I was delighted today to read in my paper that one such commuter, Keith Sutton of Virginia Beach, (are you Doc on a Bike?) has actually gotten the city of Norfolk to decide to make some intersections safer by installing stop signs along Myrtle Avenue near Norfolk State. The intersections had been unmarked. Sutton’s request and the city’s response show that bikers can have an impact on traffic issues.
With relatively mild temperatures, Norfolk has a lot of potential to become a truly bike friendly city. The Elizabeth River Trail is a nice, albeit tiny start. It needs to be extended – and soon – from West Ghent to downtown and north to Old Dominion University and even the Navy base. (It also needs a Web site.) More “share the road” signs and striped bike lanes on roads would also help a great deal.
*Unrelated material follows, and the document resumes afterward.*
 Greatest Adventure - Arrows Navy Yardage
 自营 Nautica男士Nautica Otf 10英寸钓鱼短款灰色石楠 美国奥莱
I can think of only three streets in the city with such facilities – Church Street, oddly Heutte Drive out by the Botanical Garden and frighteningly Northampton Boulevard where it passes under I-64, a passage I wouldn’t recommend for anyone save the fastest and most competent cyclists. The city does has enough street and ambient light that commuters really only need blinkers front and back to be visible to drivers when it’s dark out.
My friends Liz and Wes recently conducted a bike commuting seminar at the Fair Trade Festival in downtown Norfolk, and Wes went so far as to develop the map above highlighting the best roads in Norfolk on which to ride.
Mix all this with the recently started Critical Mass rides (as long as they don’t descend into annoying anarchy) and we may soon see even more commuters venturing to work on their bikes rather than wrapped in their carcoons. So continue to ride by example out there.